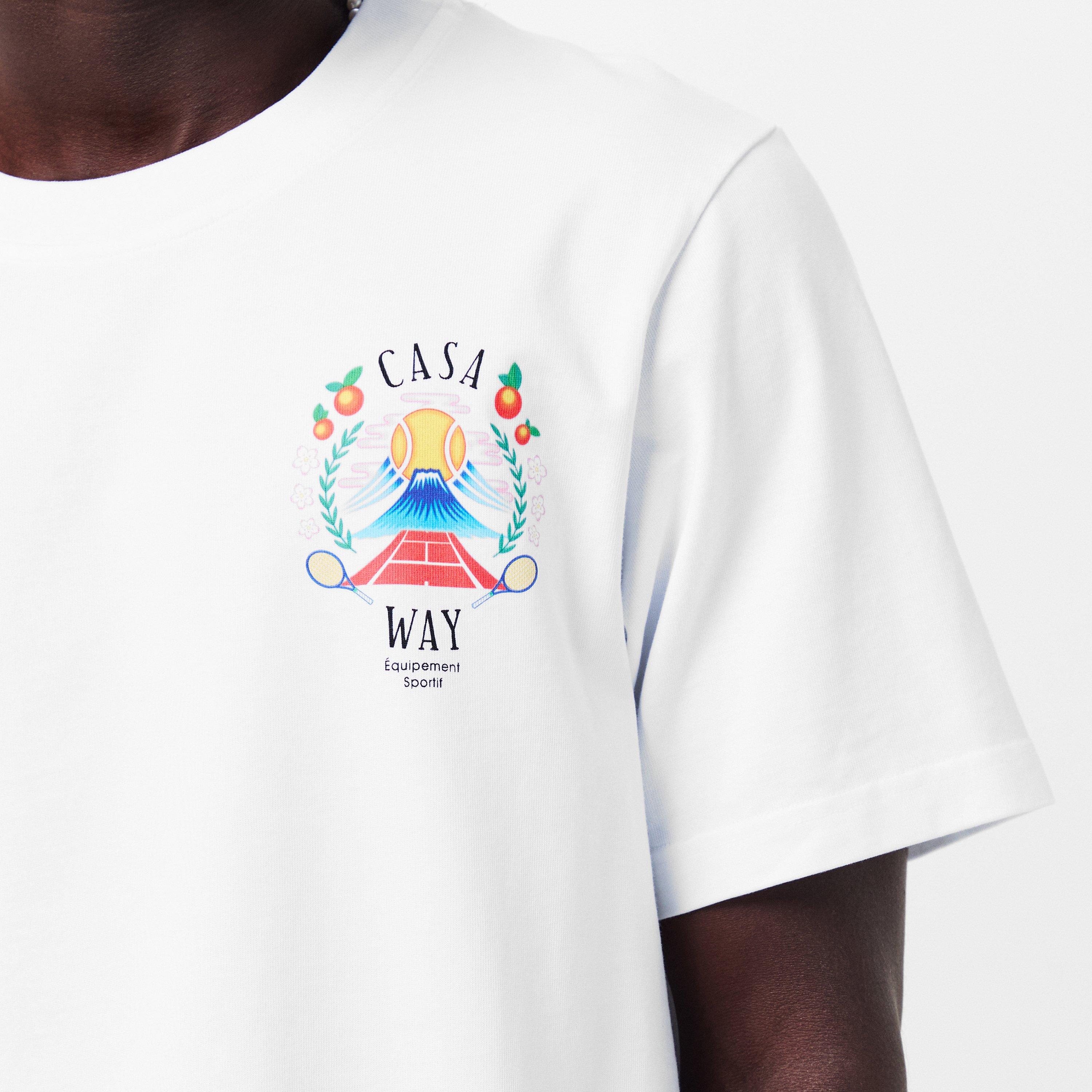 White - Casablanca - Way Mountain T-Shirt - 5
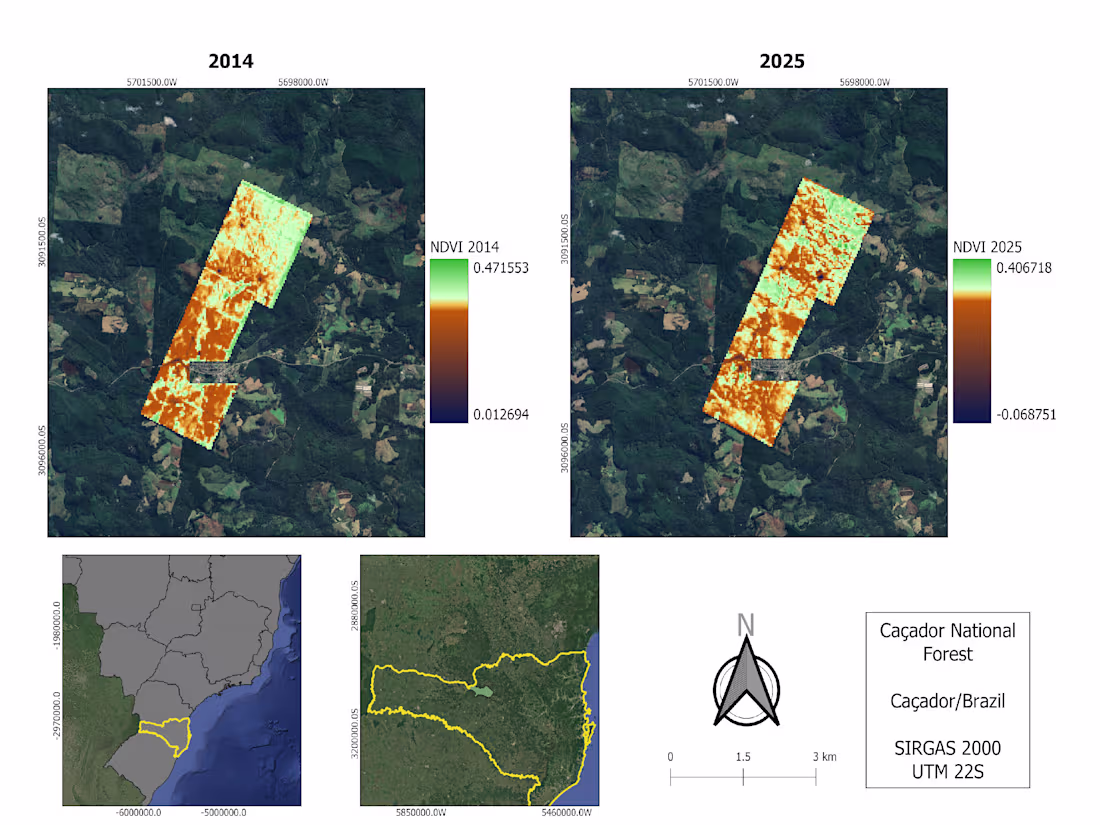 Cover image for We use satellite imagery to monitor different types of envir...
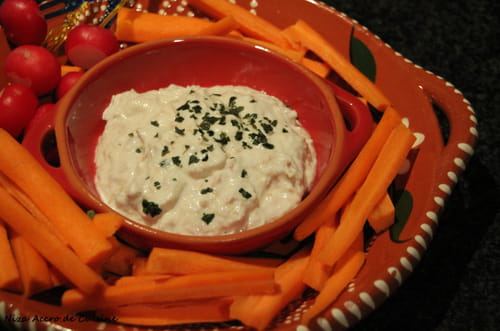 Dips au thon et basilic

......

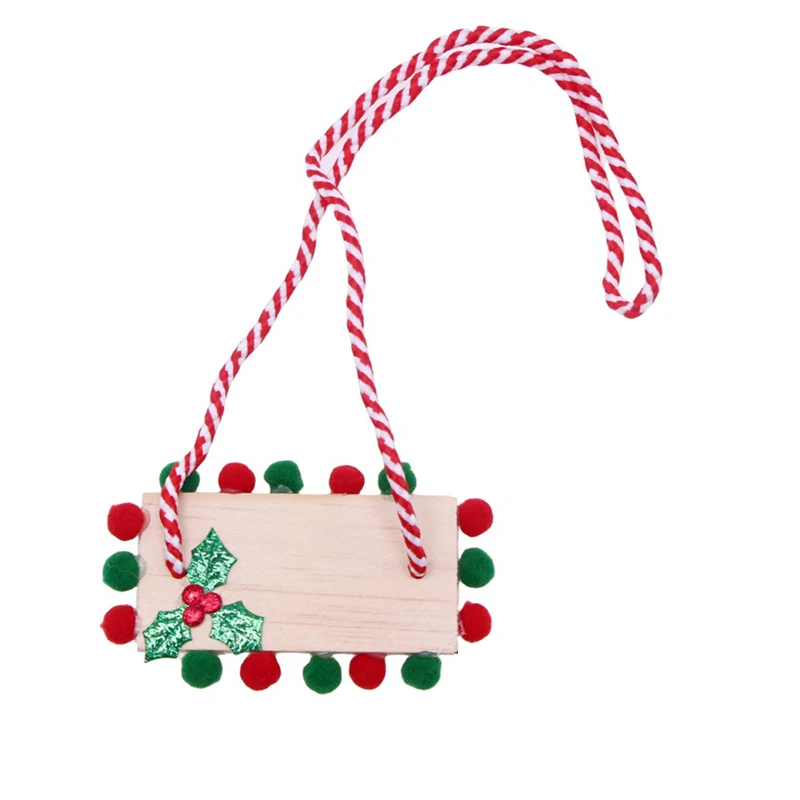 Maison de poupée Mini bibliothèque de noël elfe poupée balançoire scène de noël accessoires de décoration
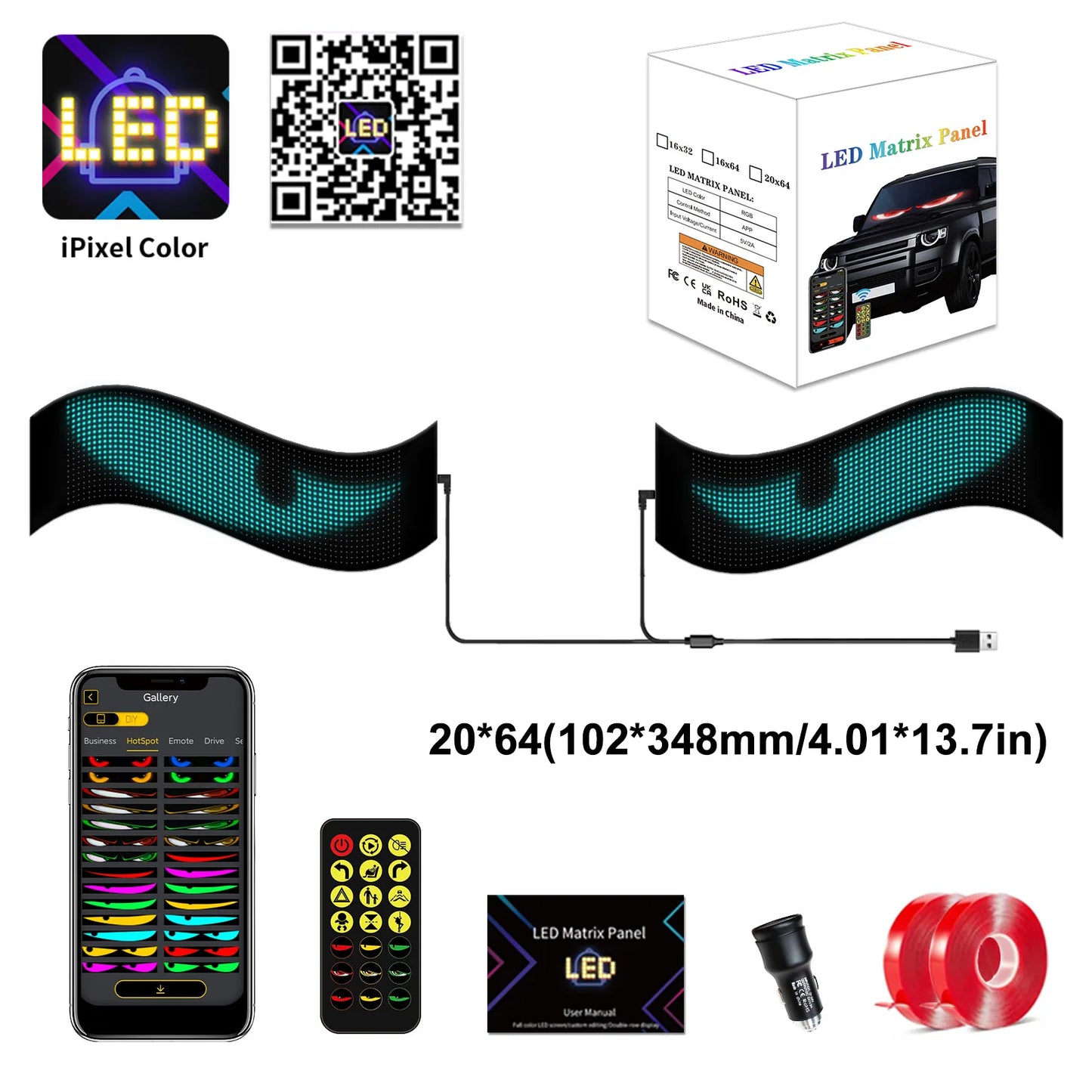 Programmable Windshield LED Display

......

Task brief: Transcribe only the lines above that start at the line containing "White - Casablanca" and end at the line containing "Dips au thon et basilic". Omit pictures.

Problem solution:
 White - Casablanca - Way Mountain T-Shirt - 5
 Cover image for We use satellite imagery to monitor different types of envir...
 Dips au thon et basilic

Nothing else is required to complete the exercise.